Pictures with short captions
◇ ◇ ◇ ◇
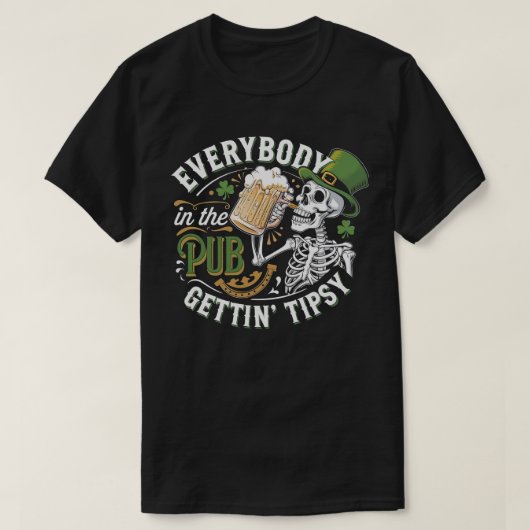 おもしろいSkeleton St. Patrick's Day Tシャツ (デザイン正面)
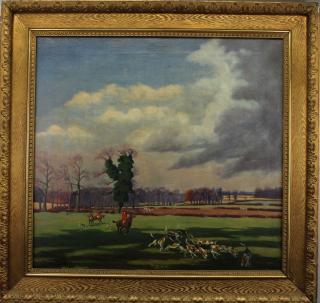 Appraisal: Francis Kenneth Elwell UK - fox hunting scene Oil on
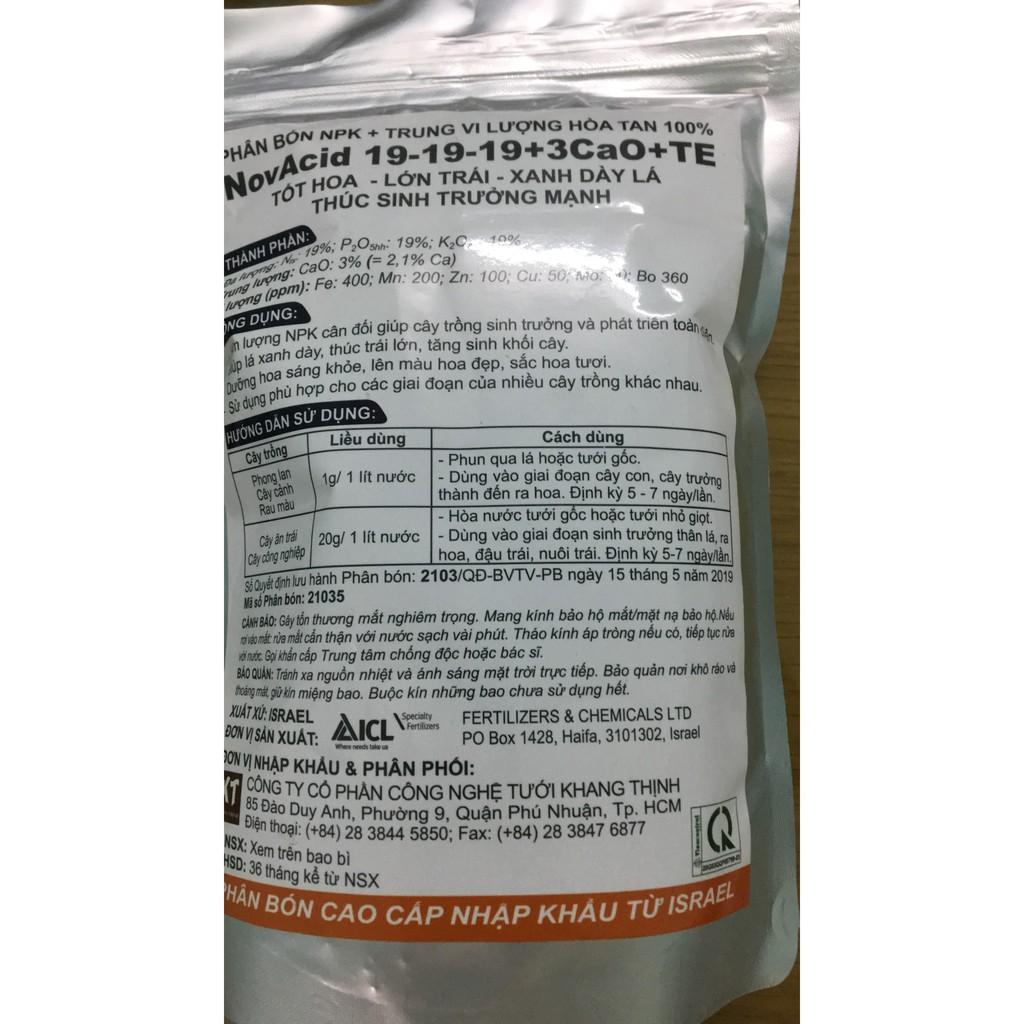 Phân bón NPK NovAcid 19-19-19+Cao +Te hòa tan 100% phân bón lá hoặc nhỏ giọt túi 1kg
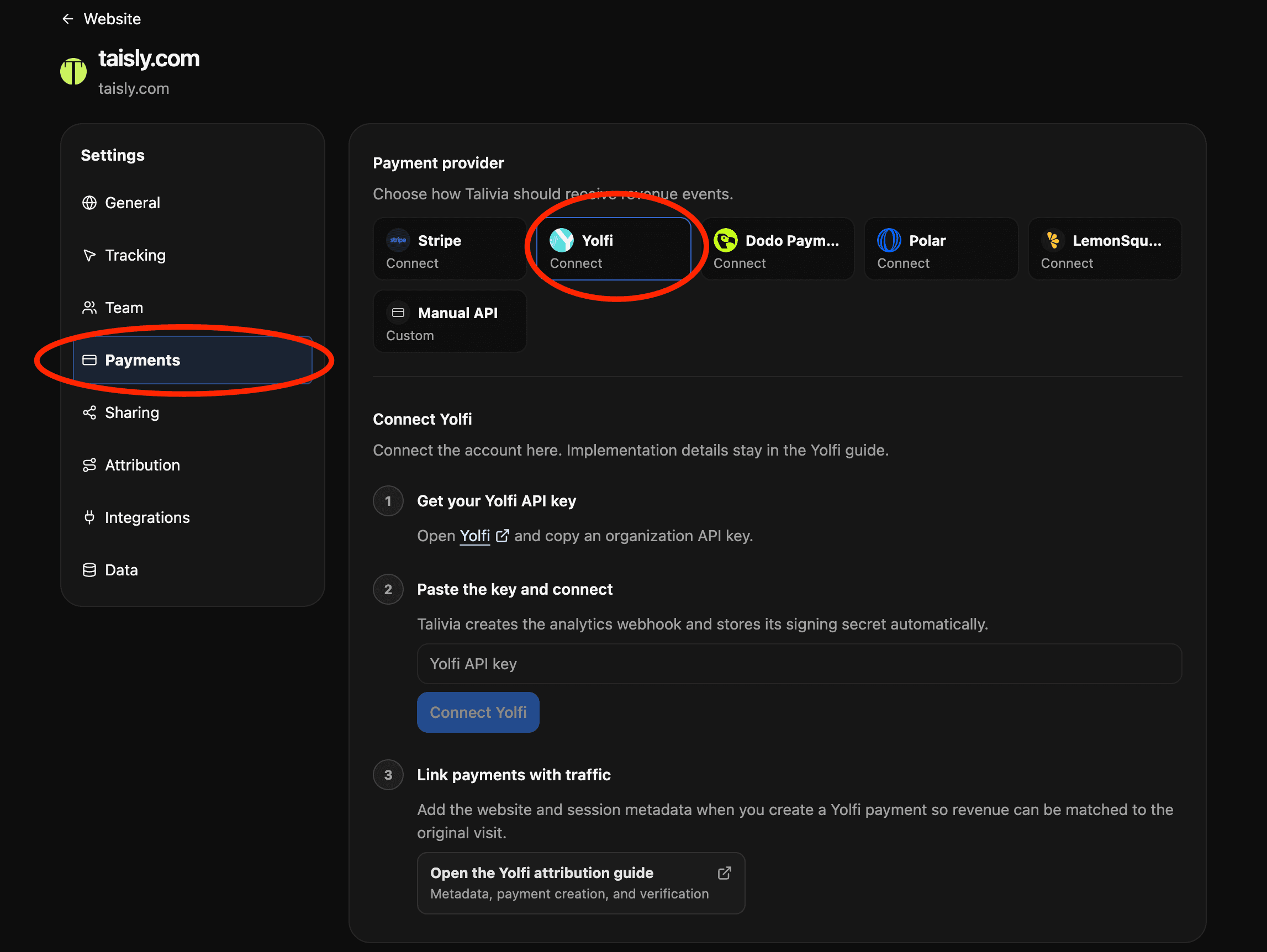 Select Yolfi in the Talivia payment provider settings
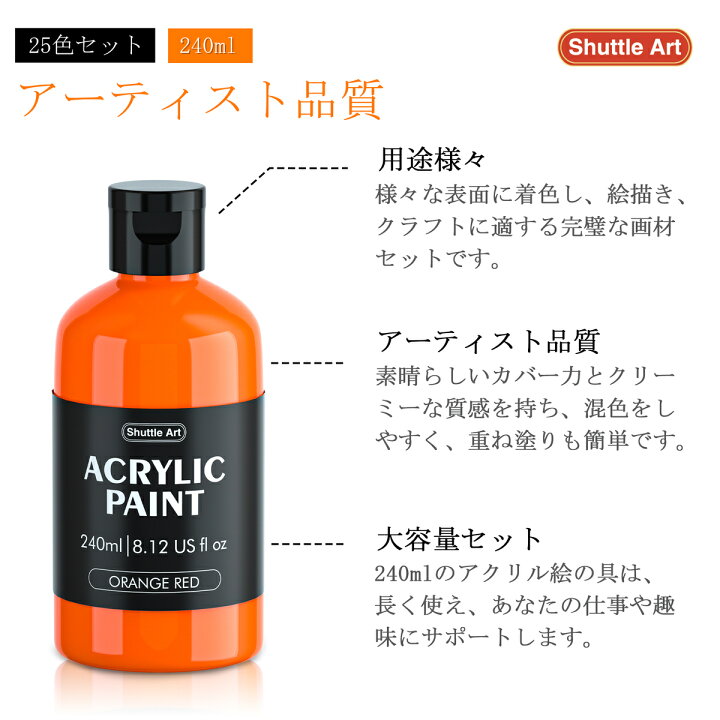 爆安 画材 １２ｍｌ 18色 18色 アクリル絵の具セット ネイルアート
◇ ◇ ◇ ◇
● **TRY IT**
Please return only the lines from the one holding "Phân bón NPK" through the end of the data, both ends included; do not copy any pictures.

● **RESPONSE TO THE TASK**
 Phân bón NPK NovAcid 19-19-19+Cao +Te hòa tan 100% phân bón lá hoặc nhỏ giọt túi 1kg
 Select Yolfi in the Talivia payment provider settings
 爆安 画材 １２ｍｌ 18色 18色 アクリル絵の具セット ネイルアート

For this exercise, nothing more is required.